Source material below:
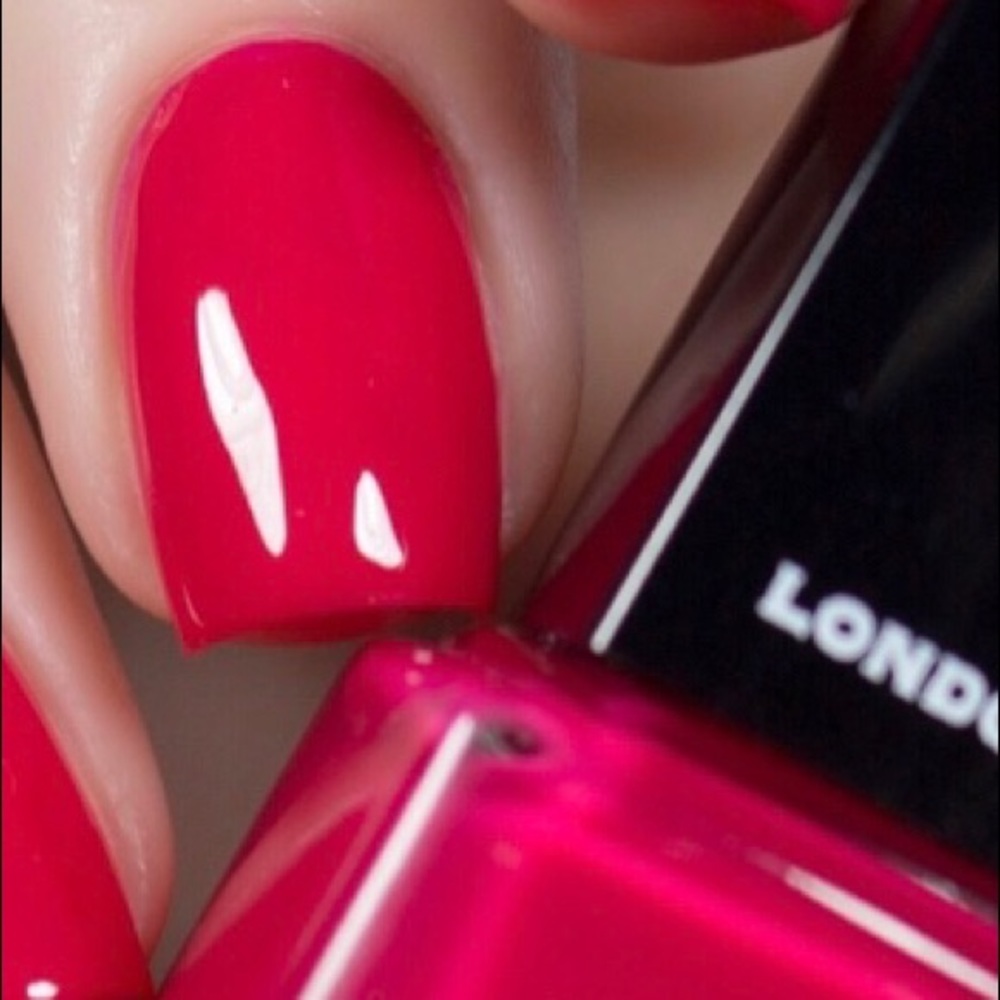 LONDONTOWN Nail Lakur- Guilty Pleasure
End of Source material.
Source material below:
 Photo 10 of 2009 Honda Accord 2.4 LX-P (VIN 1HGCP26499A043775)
End of Source material.
Source material below:
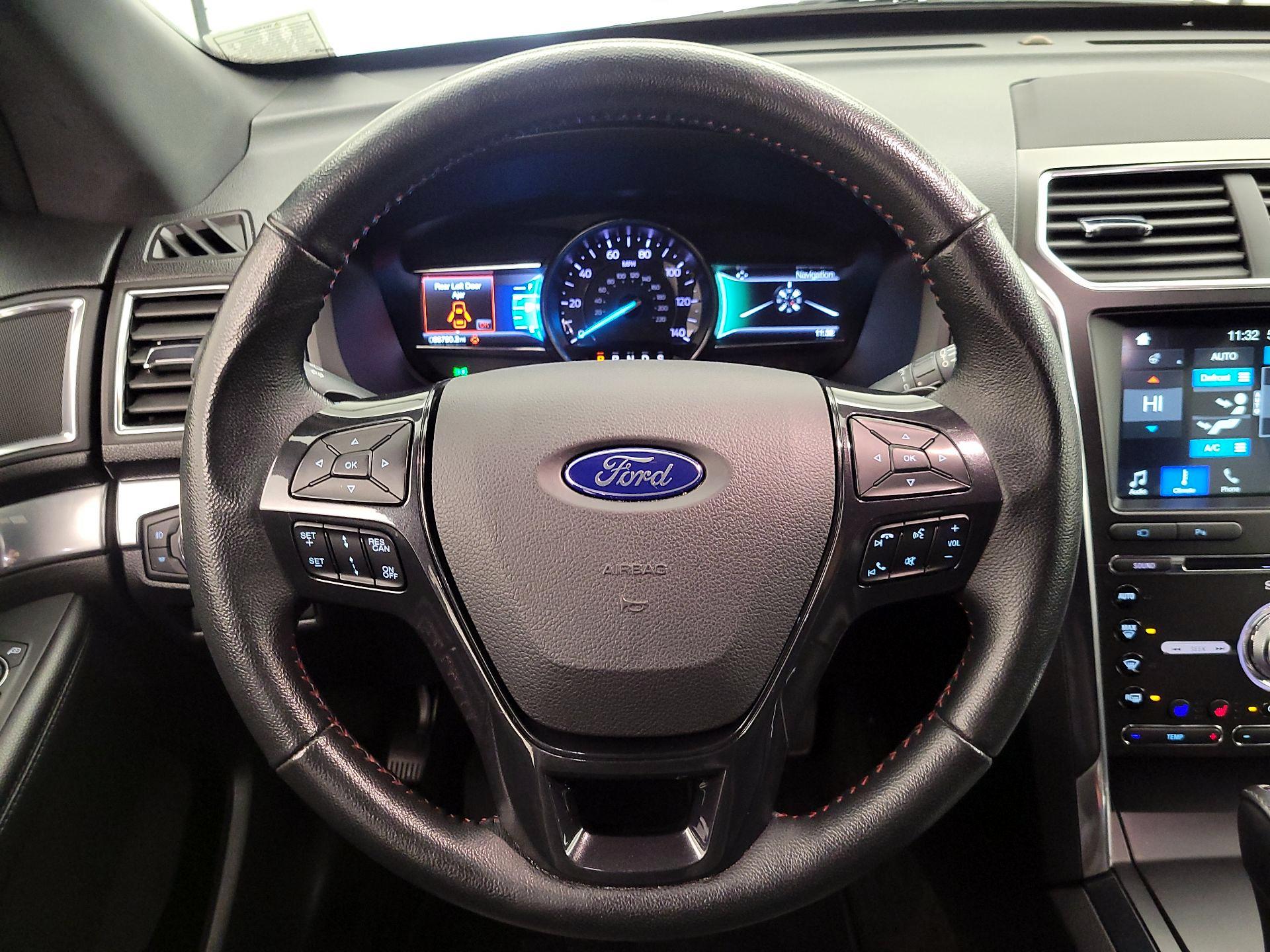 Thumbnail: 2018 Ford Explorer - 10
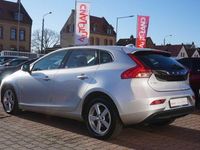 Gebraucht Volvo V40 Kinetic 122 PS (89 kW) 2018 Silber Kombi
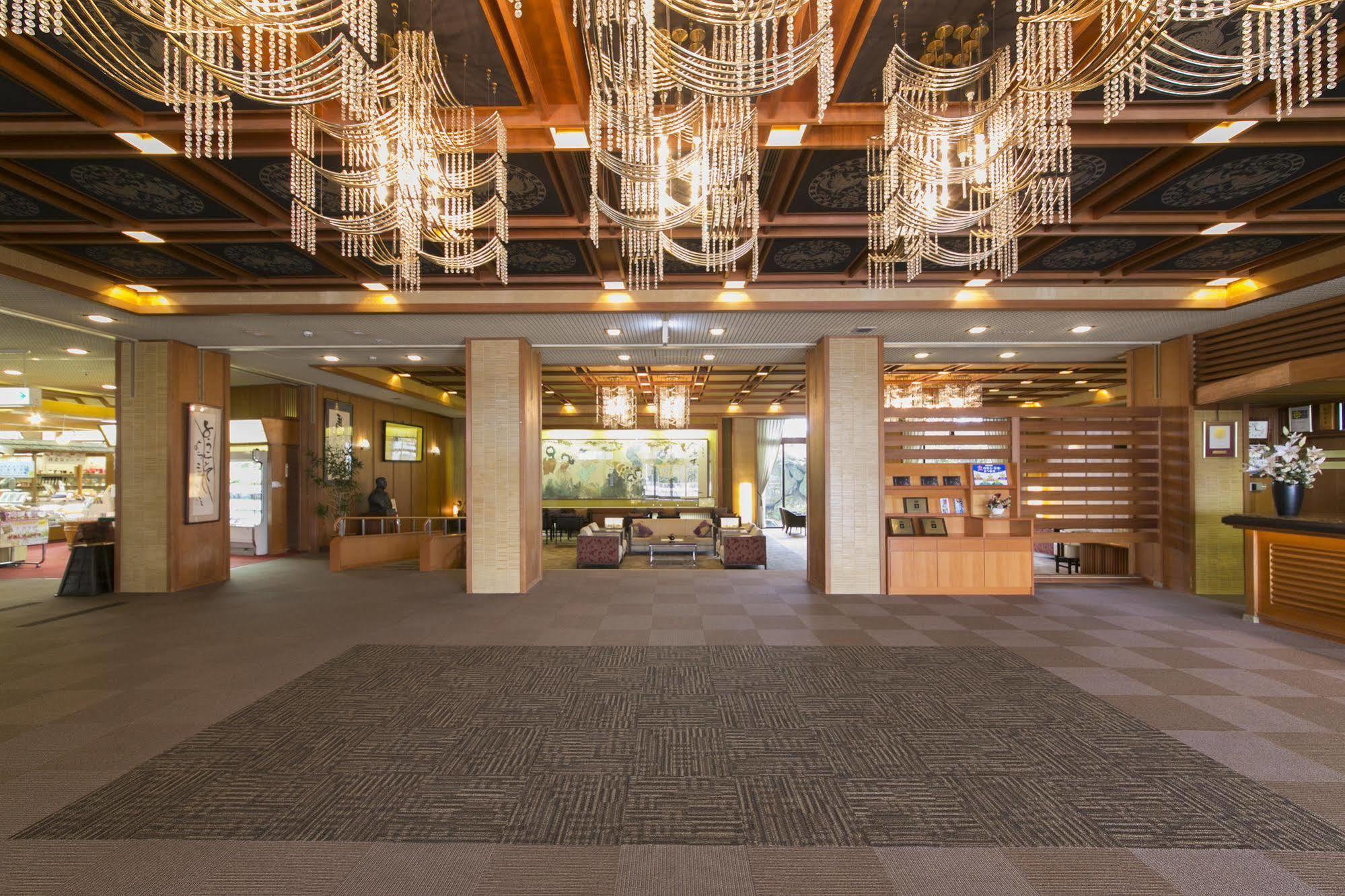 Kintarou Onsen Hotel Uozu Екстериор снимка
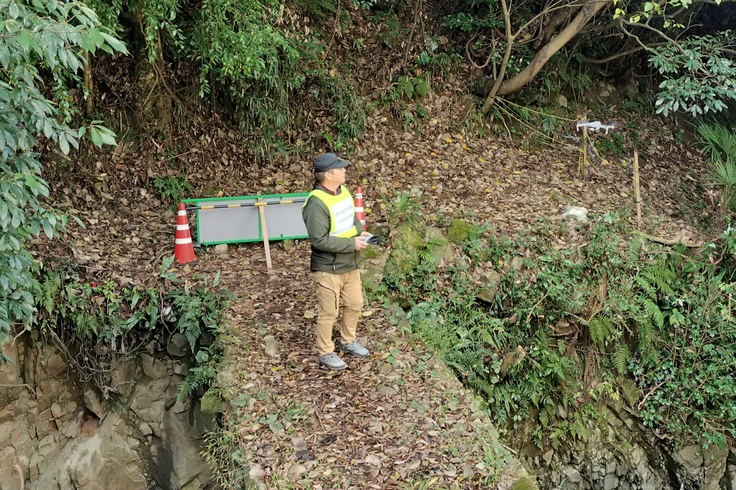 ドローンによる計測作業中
End of Source material.
Brief: For this exercise, return exactly the lines above from the line with "Thumbnail: 2018 Ford Explorer - 10" through the line with "ドローンによる計測作業中", both included. Do not copy the pictures.

Response to the task:
 Thumbnail: 2018 Ford Explorer - 10
 Gebraucht Volvo V40 Kinetic 122 PS (89 kW) 2018 Silber Kombi
 Kintarou Onsen Hotel Uozu Екстериор снимка
 ドローンによる計測作業中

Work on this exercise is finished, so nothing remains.